The cynical self-mythologies of NBC

In recent years, the phrase “comfort TV” has taken on a whole new meaning; rather than just filling the last couple of hours before bed with pleasant entertainment, television increasingly goes out of its way to make you feel good about yourself for tuning in. In a recent essay for n+1, Andrea Long Chu described the allure of glancingly political television—the idea, she writes, that “watching television can be a kind of political act.” Orange Is the New Black, for example, wants you to feel that by watching, you’re doing something. But you’re not. You’re simply participating in “a very special episode of belonging.”

As Chu notes, the political texture of this kind of television, which is often slathered on top of otherwise mediocre shows like a mild sauce, is not new. After all, the political affect of “woke” television isn’t confined to the fact that these stories tell you you’re right for believing the things that you believe—it also comes from feeling like part of a community with its own rigorous norms and values. And what better place to find that sense of belonging than on a network where everybody knows your name?

Cheers—one of the most beloved sitcoms of all time and the foundation of NBC’s run of “Must See TV,” a branding term most commonly used to refer to the network’s once enormously successful lineup of Thursday night programming—depicted a haven for sad people whose lives weren’t going the way they wanted: Sam, the recovering alcoholic bar owner; Diane, the pompous grad student whose life as a waitress entailed constant humiliation; Norm, who spent hours at the bar every night to avoid going home to his wife. (The less said about the unbearably pathetic Cliff Clavin, the better.) The show was just one of NBC’s early communities of lovable losers cast out from the rest of society. There would later be the gay-straight friendships of Will & Grace, the workplace frenzies of Pawnee’s department of Parks and Recreation and The Office of Dunder-Mifflin, and, of course, the overgrown student community of Community.
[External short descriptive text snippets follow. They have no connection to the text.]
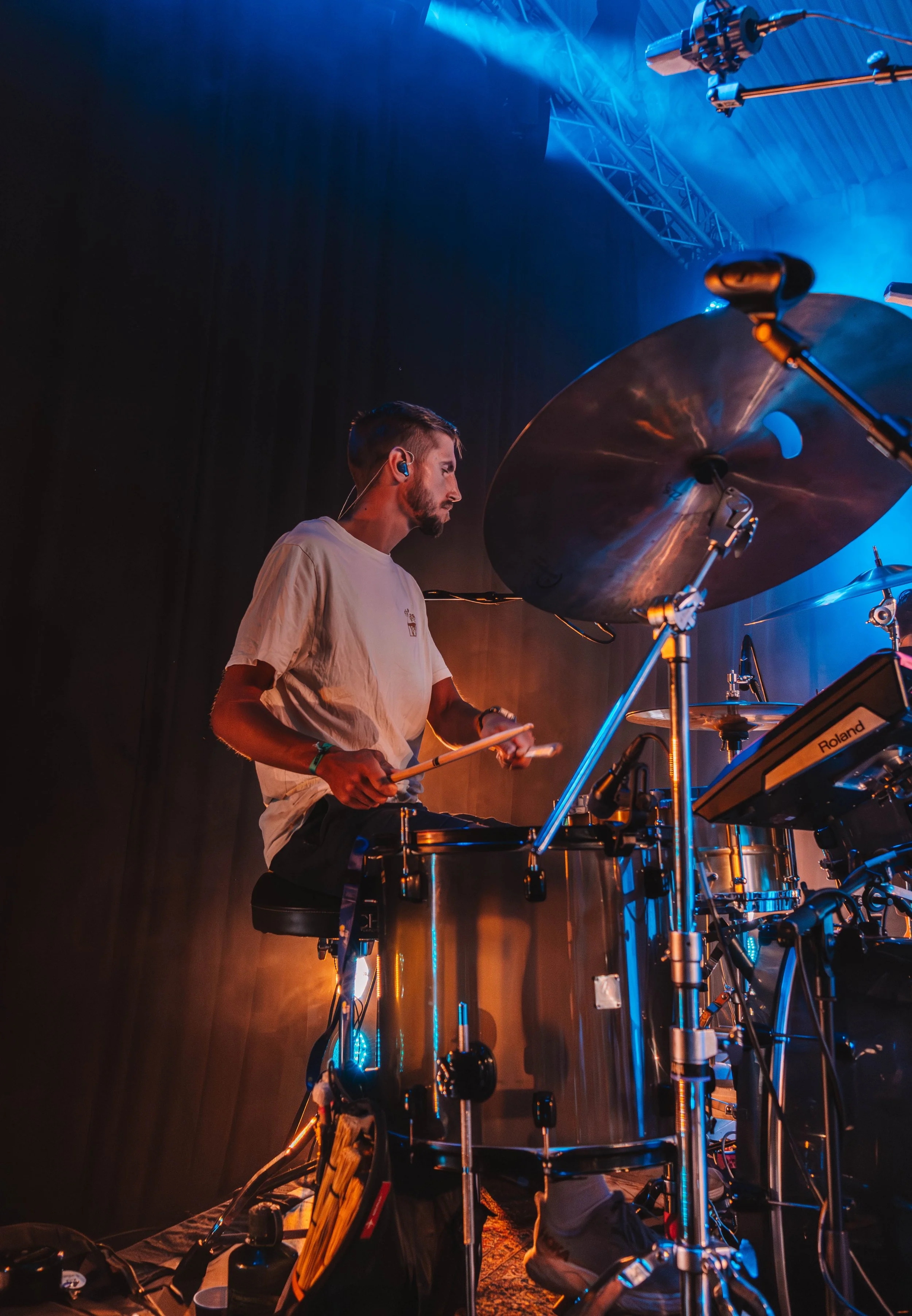 En mann som spiller trommer på scenen under en konsert, omgitt av musikkutstyr og blå belysning.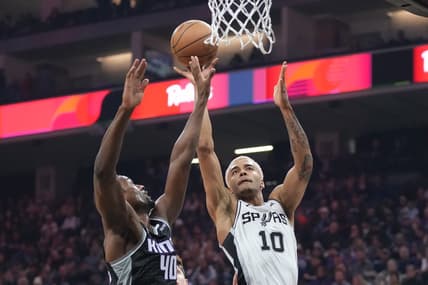 November 17, 2022; Sacramento, California, USA;  San Antonio Spurs forward Jeremy Sochan (10) shoots the basketball against Sacramento Kings forward Harrison Barnes (40) during the first quarter at Golden 1 Center. Mandatory Credit: Kyle Terada-USA TODAY Sports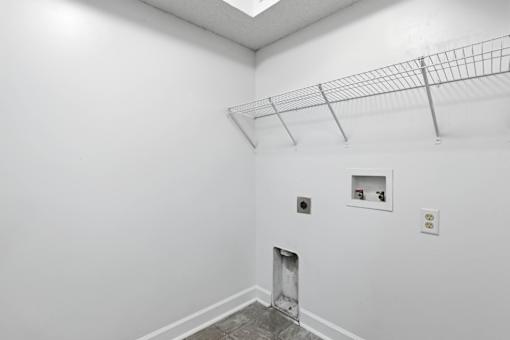 A white room with a metal rack on the ceiling and a small shelf with two objects on it.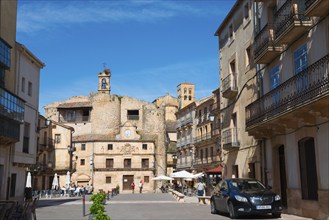 Lively square with buildings, a bell tower and street cafés in sunny weather, Castillo, old castle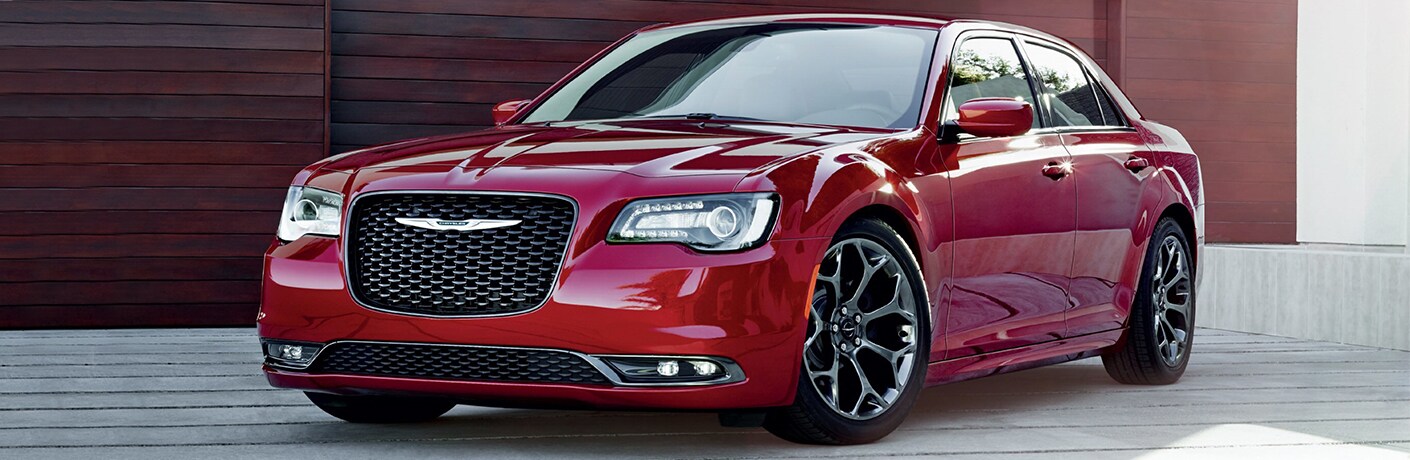 2019 Chrysler 300 exterior shot with red paint color parked on a wooden dock with red stained wood behind it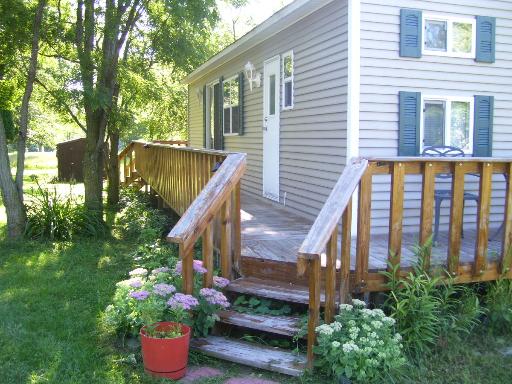 509 La Moille Road, Unit 2408 Sublette, IL 61367 - Photo 1 of 14 a backyard of a house with lots of green space
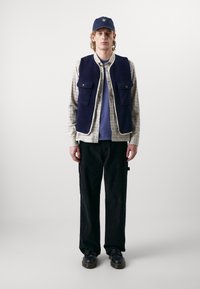 Jūras spēku flīsa veste ar divām priekšējām kabatām uz pārbaudītas kreklu, apvienota ar melniem biksēm un melnām kurpēm, virsū valkāta jūras spēku cepure.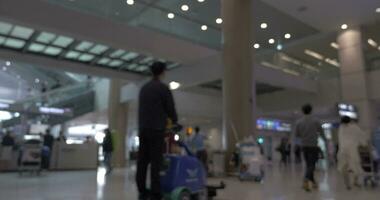 People with baggage and carts in airport terminal video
What better place to find that sense of belonging than on a network where everybody knows your name?

Obviously, a television network will never be a force for good in the world. But networks are brands, which is to say that, broadly speaking, they still want to be thought of as “good.” Good shows, good politics, good laughs. Their eventual goal is to get viewers to trust the network to pick shows for them, rather than going to the trouble of cobbling together their own schedule. (This is one motivation behind Netflix’s habit of absorbing other networks’ programming as its own “Originals.”) And NBC has been remarkably successful at this game—in part by mythologizing its own history. An entire arc of Seinfeld was devoted to Jerry and George pitching a lightly fictionalized version of Seinfeld itself to NBC; Warren Littlefield, the president of NBC Entertainment throughout the back half of Seinfeld’s run, was played by Bob Balaban. In 2012, Littlefield published Top of the Rock: Inside the Rise and Fall of Must See TV, a perfectly fine if hagiographic oral history of that era at the network. Then, of course, there was the entirety of 30 Rock, which took place in a fantasy version of NBC and focused on the titular office building as a place that accumulated show-biz legends, refracted through the trivia-obsessed character of NBC page Kenneth. This is where the monkey was on The Today Show!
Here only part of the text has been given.